9. Mme C... excipe de l'erreur manifeste d'appréciation dont serait entachée l'inclusion de la totalité de la surface du lot n° 4 en boisement faisant l'objet de mesures de protection paysagère, au motif que ce classement aurait pour conséquence l'impossibilité de construire sur un terrain implanté en zone constructible. Il ressort toutefois des pièces du dossier que les auteurs du PLU ont institué un périmètre de protection des boisements ornementaux en application du 7° de l'article L. 123-5-1 du code de l'urbanisme alors en vigueur, sur une partie seulement des parcelles cadastrées section BN n° 113 et n° 200 et que la protection de ces boisements n'obère pas la possibilité de construire sur le restant de la surface de ces vastes parcelles. La circonstance que Mme C..., par une décision de gestion de son patrimoine inopposable à l'administration, ait choisi de diviser son terrain en quatre lots, dont l'un se trouverait par l'effet de cette décision concerné pour la totalité de sa surface par les boisements ornementaux à protéger, postérieurement à la mise en place de ces mesures de protection, est sans effet sur le bien-fondé du choix des auteurs du PLU d'instituer cette protection et ne saurait avoir pour conséquence de la priver de toute effectivité. Il en résulte que Mme C... n'est pas fondée à exciper de l'illégalité du PLU en ce qu'il identifie comme boisements ornementaux les arbres situés sur le terrain d'assiette du projet.

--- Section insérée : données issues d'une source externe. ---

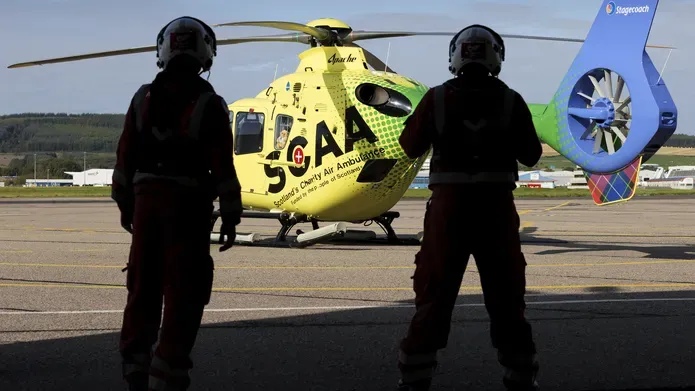 SCAA helicopter and crew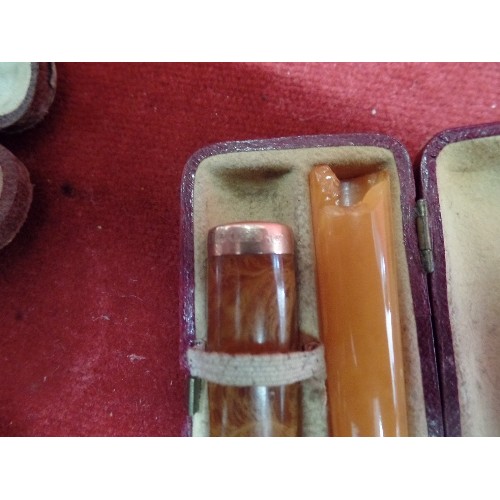 49 - 9CT GOLD AND AMBER CHEROOT HOLDER,AND 2 AMBER CHEROOT HOLDERS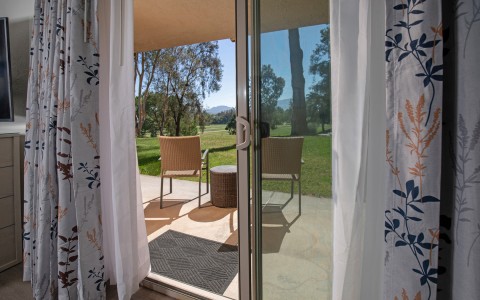 a sliding glass door with a table and chairs outside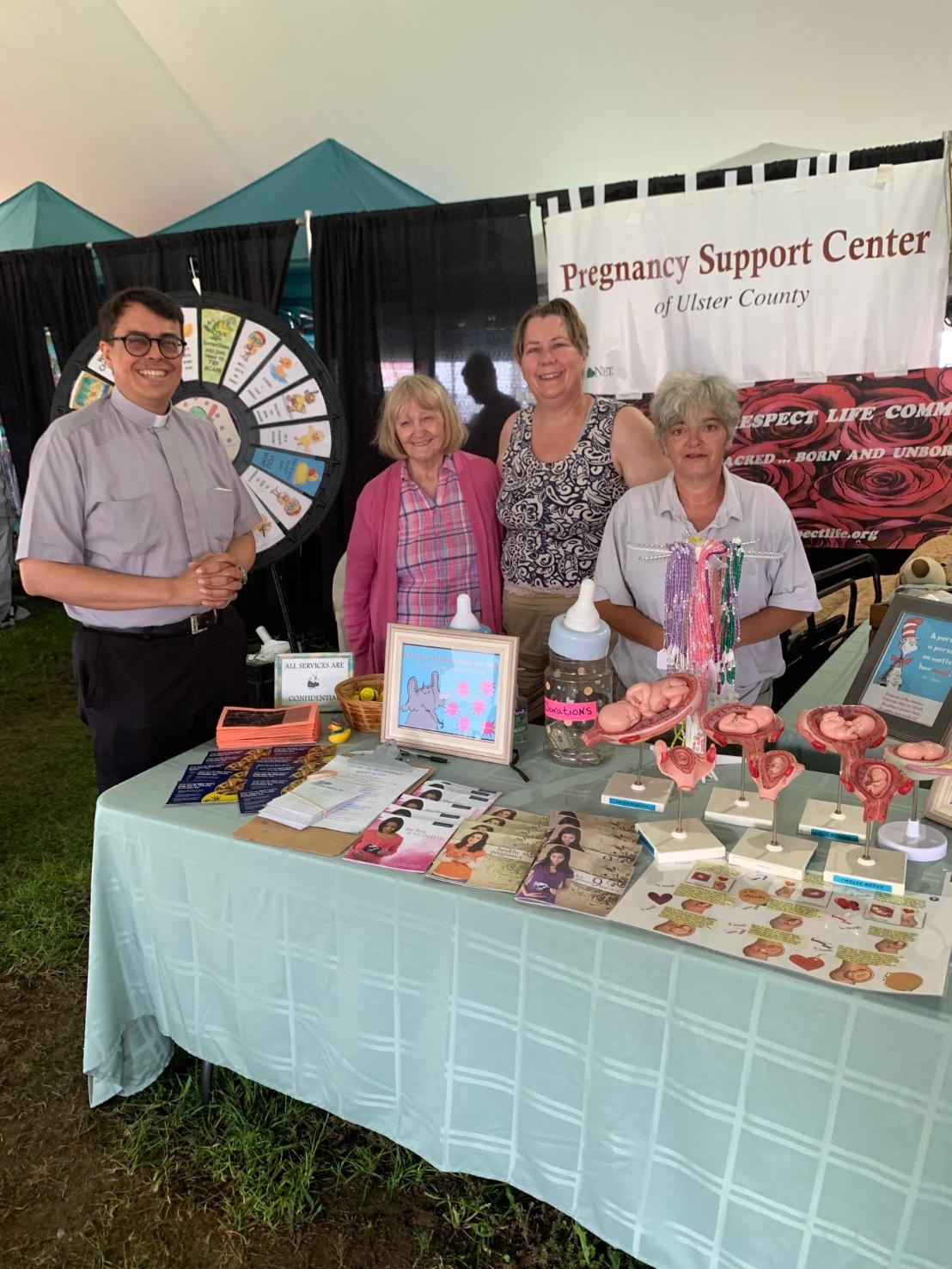 Fr. Arthur Rojas, Jane Randazzo (2nd from Left) and Catherine Parrinello (At far right) join Michelle Whittaker (2nd from right) at the joint booth of the Bravo Center and U.D.R.L.C.  Credit to U.D.R.L.C. for picture.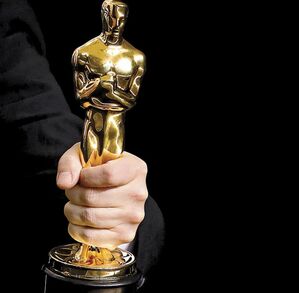 Premio Oscar en la mano de una persona.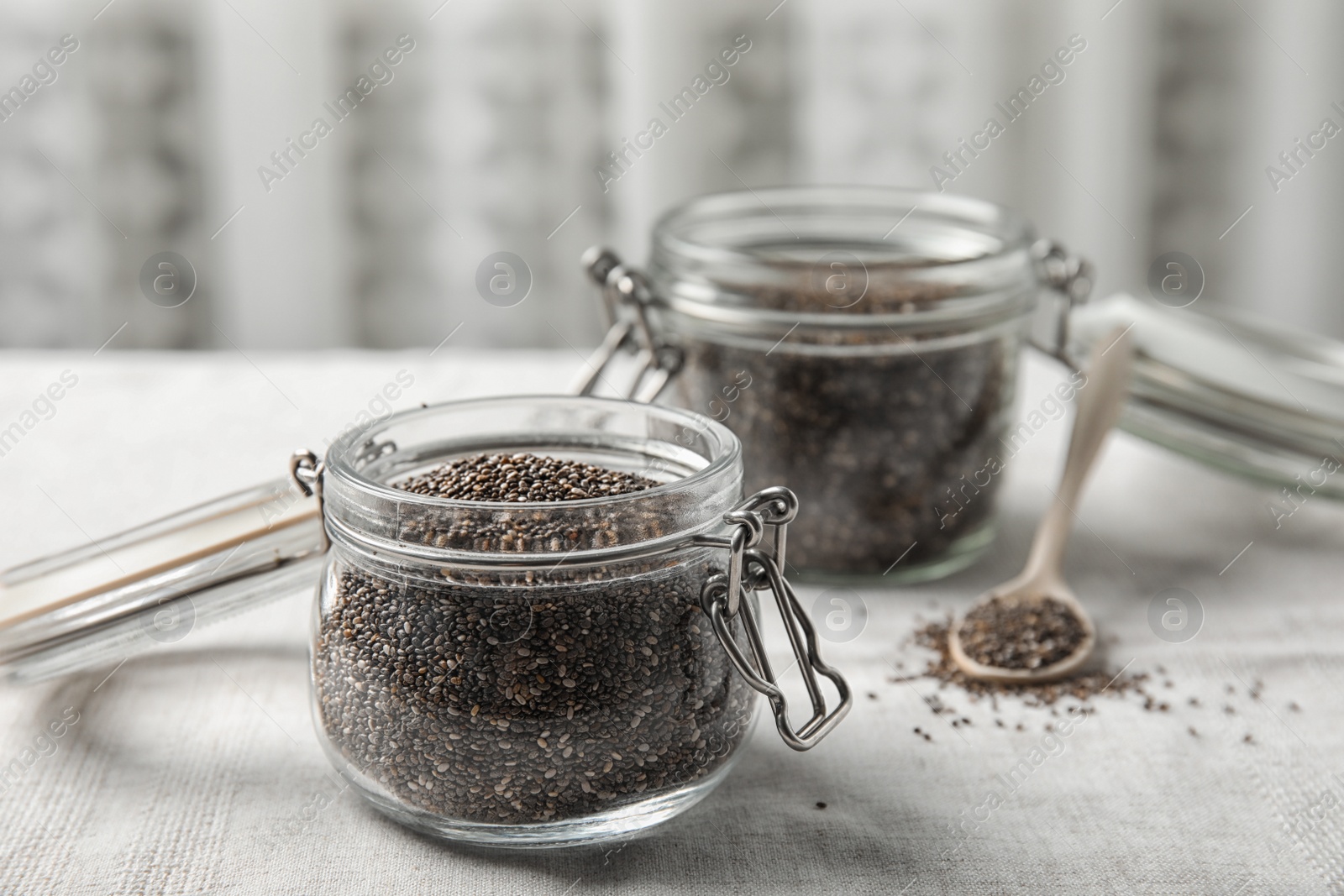 Photo of Glass jars with chia seeds on table against blurred background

10. Il résulte de ce qui précède, sans qu'il soit besoin de statuer sur la substitution de motifs demandée par la commune, que la commune de Meylan est fondée à soutenir que c'est à tort que par le jugement attaqué, le tribunal administratif de Grenoble a annulé l'arrêté du 12 avril 2015. Elle est par suite fondée à en demander l'annulation ainsi que le rejet de la demande de Mme C....
Sur les frais liés au litige :
11. Les dispositions de l'article L. 761-1 du code de justice administrative font obstacle à ce que la somme que demande Mme C... au titre des frais qu'elle a exposés à l'instance soit mise à la charge de la commune de Meylan, qui n'est pas partie perdante en appel. Il y a en revanche lieu de mettre à la charge de Mme C..., au titre des mêmes dispositions, la somme de 2 000 euros à verser à la commune de Meylan.
DECIDE :
Article 1er : Le jugement du 5 juillet 2018 du tribunal administratif de Grenoble est annulé.

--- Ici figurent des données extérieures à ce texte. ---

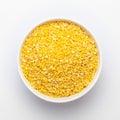 Close up of Organic yellow Gram Vigna radiata or split yellow moong dal on a ceramic white bowl.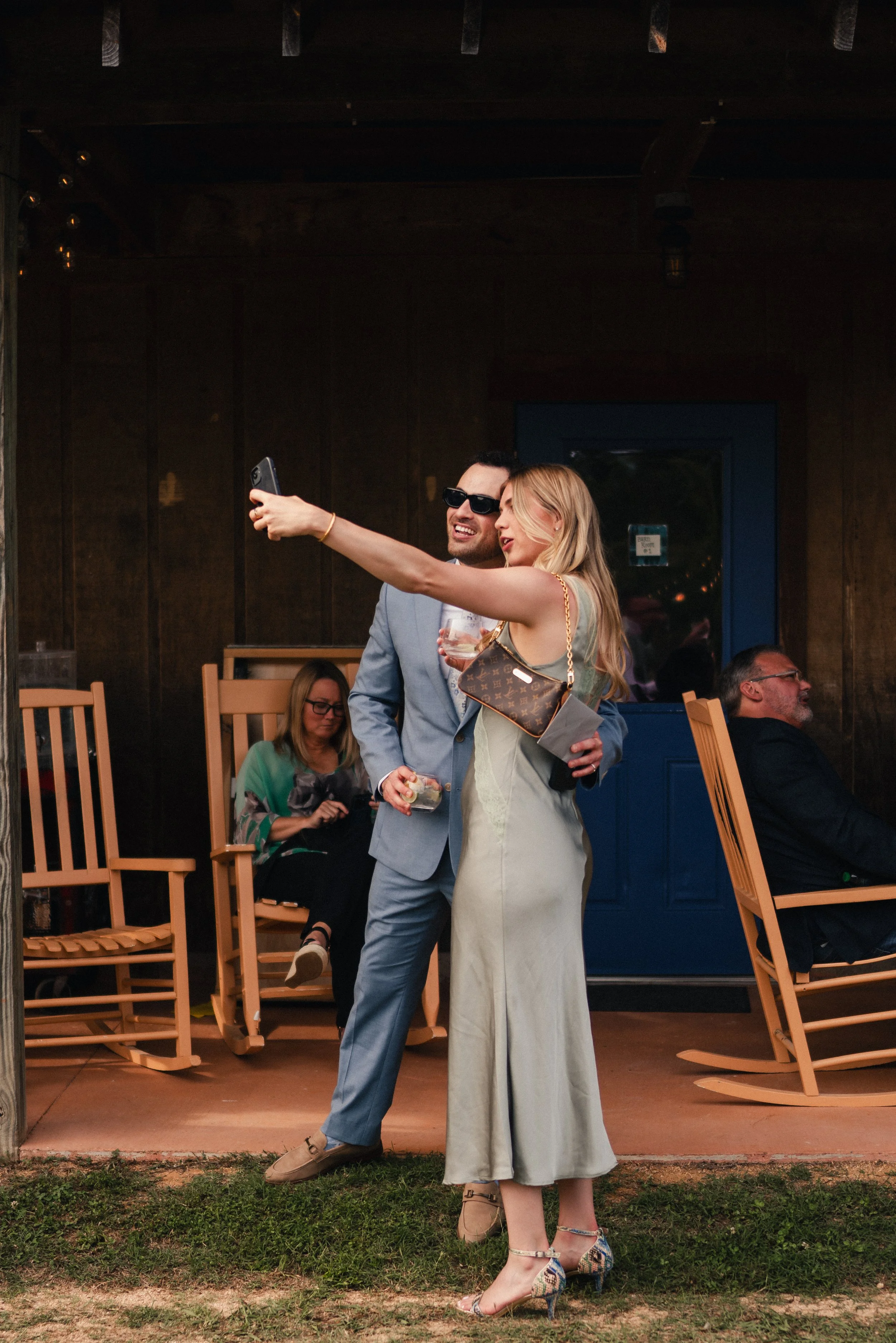A man in a light blue suit and sunglasses taking a selfie with a woman in an off-the-shoulder dress, holding a wine glass, at an outdoor event. Multiple seated people are in the background, some looking at the camera, with a wooden wall and string li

Article 2 : La demande de Mme C... est rejetée.
Article 3 : Mme C... versera à la commune de Meylan la somme de 2 000 euros en application de l'article L. 761-1 du code de justice administrative.
Article 4 : Les conclusions de Mme C... tendant à l'application de l'article L. 761-1 du code de justice administrative sont rejetées.
Article 5 : Le présent arrêt sera notifié à la commune de Meylan et à Mme C....
Délibéré après l'audience du 9 novembre 2020 à laquelle siégeaient :
M. Daniel Josserand-Jaillet, président ;
M. Thierry Besse, président-assesseur ;
Mme F... E..., première conseillère.
Rendu public par mise à disposition au greffe le 10 décembre 2020.